Jessa’s outraged shriek cut through the crowded common room, followed quickly by the raucous laughter of the merchant’s guard who had grabbed her. She spun quickly, her hand outstretched to slap the guard across the cheek, but he caught her wrist and pulled her onto his lap instead. His two drinking companions called at him to leave off, but he only laughed harder.
“Not a chance boys, I like them feisty!”
Spire swallowed her mouthful of wine and lowered her cup with a sigh.

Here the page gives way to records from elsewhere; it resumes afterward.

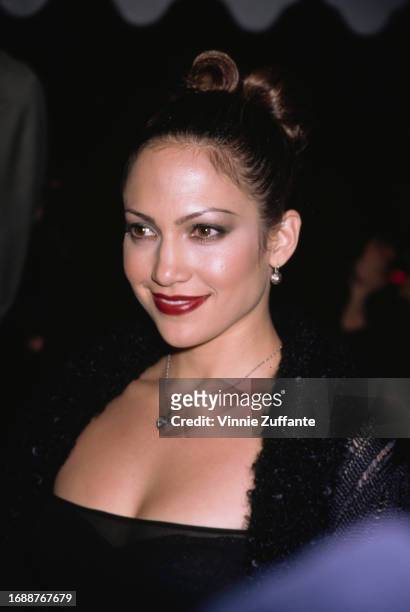 Jennifer Lopez attends the grand opening of her new restaurant "Conga" in Los Angeles, California, United States, 23rd February 1998.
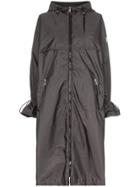 Moncler Washington Belted Mid-length Hooded Coat - Grey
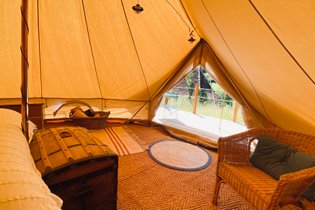 Tente et tente lodge Corrèze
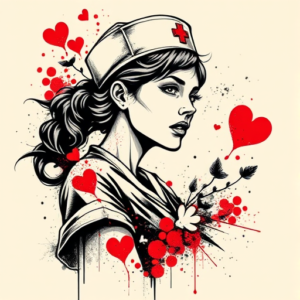 Trash Polka Nurse Tattoo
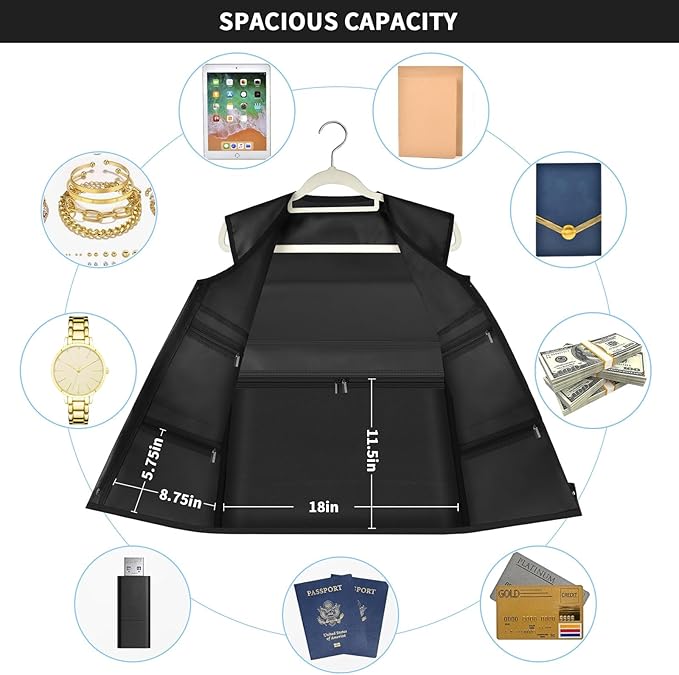 Hidden Safe Travel Diversion Safe with Secret Compartment Fireproof Waterproof Document Bag for Money Cash Jewelry, Disguised Hiding Places for Valuables Storage for Home Hotel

“Braggarts,” she muttered, shaking her head slightly. Her eyes met those of Thandor, the short, stocky owner of The Stonefolk’s Rest, and he grimaced. He spoke in a low voice as he refilled her cup.
“Bain’t much I can do, Spire. Merchant’s Guild protects them, see?”
Spire shrugged, and glanced across the room at the guards. Jessa had managed to free herself and gather up the tankards she had dropped. She moved swiftly across to the bar, slamming the tankards down next to Spire.
“Calm, Jess,” Thandor murmured, and Jessa glared at him.
“You try being pawed by those stinking bastards, see how calm you feel!”
The sound of three chairs scraping back echoed into a suddenly silent room. Spire felt Jessa tensing beside her, and saw Thandor’s expression change to one of dismay as six booted feet stomped to the bar.
The guard who had pinched Jessa leaned against the bar, grinning maliciously. He was swaying slightly, and rested a large, greasy looking hand on the bar to steady himself. His two companions stood behind him.
“Did you have something to say to me, darlin’?”
“Now, gentlemen,” Thandor began. “P’raps we can just-”
The guard stabbed a finger towards the innkeeper, and shook his head. Thandor grimaced; Spire could see the muscles in his arms tensing as he began clenching and unclenching his fists.
“It was nothing,” Jessa said quietly, fear and anger warring in her eyes.
“You called us stinking bastards. Isn’t that what you heard, boys?”
The other two guards nodded, grinning.
“Now then,” said Greasy-Hands, “I think you owe us each something for that insult, don’t you?”
Spire paused in raising her cup to her lips. Her voice was quiet, but it cut through the room like a knife.
“She owes you nothing. Go back to your drinks.”
A moment of stunned silence, then the three guards laughed. Greasy-Hands staggered over to stand behind Spire, his companions flanking him. Spire felt the guard’s eyes looking her over, sizing up her dark clothes, the cloak that hid much.
“You got something to say to us, white mop?”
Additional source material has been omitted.